Un manifeste de mode écrit par le vêtement
Plus qu’une rétrospective de la vie de celle qui porte ce nom illustre de son vivant même, l’exposition du Palais Galliera expose sans artifice les vêtements et accessoires qui ont fait la renommée de Chanel. Dans cet écrin tapissé de noir et plongé dans une scénographie obscure, les tailleurs structurés et les robes ajustées s’offrent à l’admiration de notre regard. Les quelques textes accompagnant çà et là les mannequins revêtus des vêtements dignes des plus grandes collections restent peu nombreux, et soulignent justement l’importance de l’observation, de la délectation. L’exposition entend ainsi retracer la biographie de Gabrielle Chanel par la chronologie de ses créations, dont chaque couture, chaque bouton, chaque échancrure… En somme, chaque décision (audacieuse) traduit une nouvelle étape de sa vie, et, toutes réunies, composent son Manifeste de mode. De Biarritz à la rue Cambon, du chapeau porté sur la côte basque au tailleur arboré dans les rues de la capitale : l’histoire de Chanel est regroupée entre les murs du musée, parfois protégée de verre, parfois exposée sans intermédiaire. En tout cas trop précieuse pour être portée, mais seulement admirée.
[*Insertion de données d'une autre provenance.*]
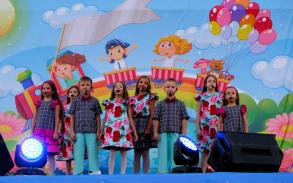 Свыше 2,5 тысяч астраханцев отметили День знаний в парке «Аркадия»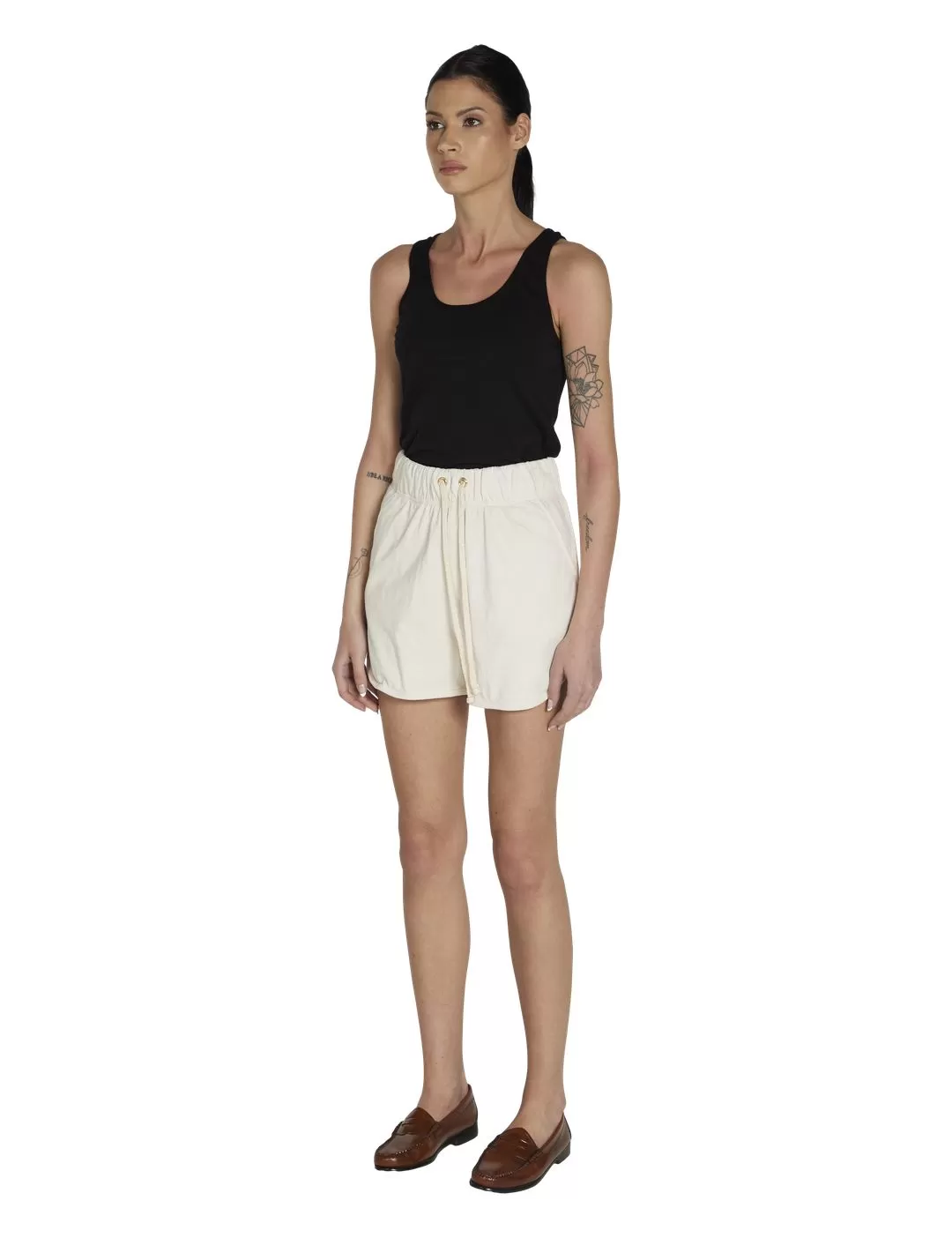 Serena Scallop Short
Un style acéré et affirmé : l’intemporelle silhouette Chanel
Dans la première salle de l’exposition, une simple chronologie retrace la vie de Gabrielle Chanel à travers une vingtaine de dates, chaque année coïncidant avec une nouvelle étape dans l’avancée de la maison de mode éponyme. Et, bien que ces dates nous paraissent éloignées, elles sont le témoin d’un style intemporel, qui possède encore aujourd’hui tout son potentiel. De la petite robe noire dans les années 1920 jusqu’au tailleur emblématique dans les années 1950, Gabrielle Chanel se manifeste par ses silhouettes acérées, affirmées, structurées ; “refusant l’ornement superflu, [elle] fait toujours un usage juste et audacieux des couleurs, des matie?res, des techniques, privile?giant l’e?quilibre et la vision harmonieuse de l’ensemble“(Miren Arzalluz, directrice du Palais Galliera). Les lignes des robes de soie accompagnent le mouvement des hanches ; les broderies rencontrent le velours dans une robe de rouge éclatant ; le tailleur épouse les boutons qui le rythment et soulignent l’attitude de celle qui le porte, féminine et confortable, élégante et simple.
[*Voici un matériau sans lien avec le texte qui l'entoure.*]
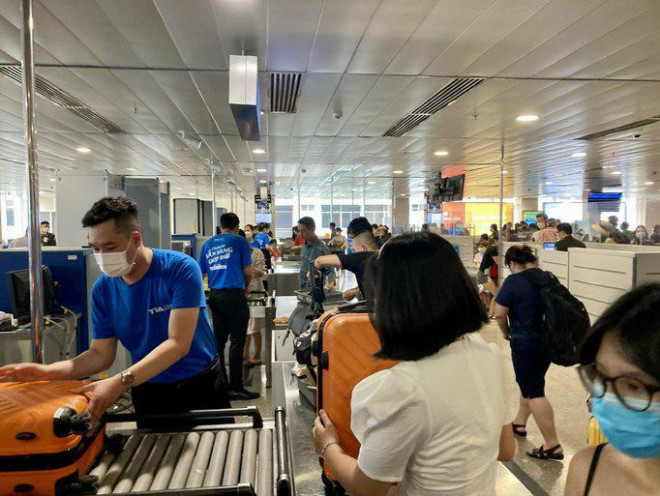 Bất ngờ với lượng hành khách ở sân bay Tân Sơn Nhất - 8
Des vêtements aux accessoires, chaque ornementation, chaque couture, chaque courbe et chaque matière constitue le Manifeste de mode de Gabrielle Chanel, qui, pour citer sa contemporaine Colette, “travaille des dix doigts de l’ongle, du tranchant de la main, de la paume, de l’épingle et des ciseaux, à même le vêtement, qui est une vapeur blanche de longs plis, éclaboussée de cristal émietté” (Bravo, avril 1930). La coupe est franche et assumée, du chapeau qu’elle confectionne au début du siècle jusqu’au tailleur qu’elle ambitionne en 1950. Une partie de l’exposition nous dévoile également l’art de la joaillerie chez Chanel ; des parures aux couleurs éblouissantes, qui semblent toutes antiquisantes, voire égyptisantes, sans pour autant oublier l’intervention “tranchante” de leur créatrice. Les carrés d’émeraude côtoient les courbes dorées d’une broche, des sphères de topaze sont incrustées dans un collier en or massif…
L’exposition Gabrielle Chanel. Manifeste de mode est à voir au Palais Galliera jusqu’au 18 juillet (sur réservation).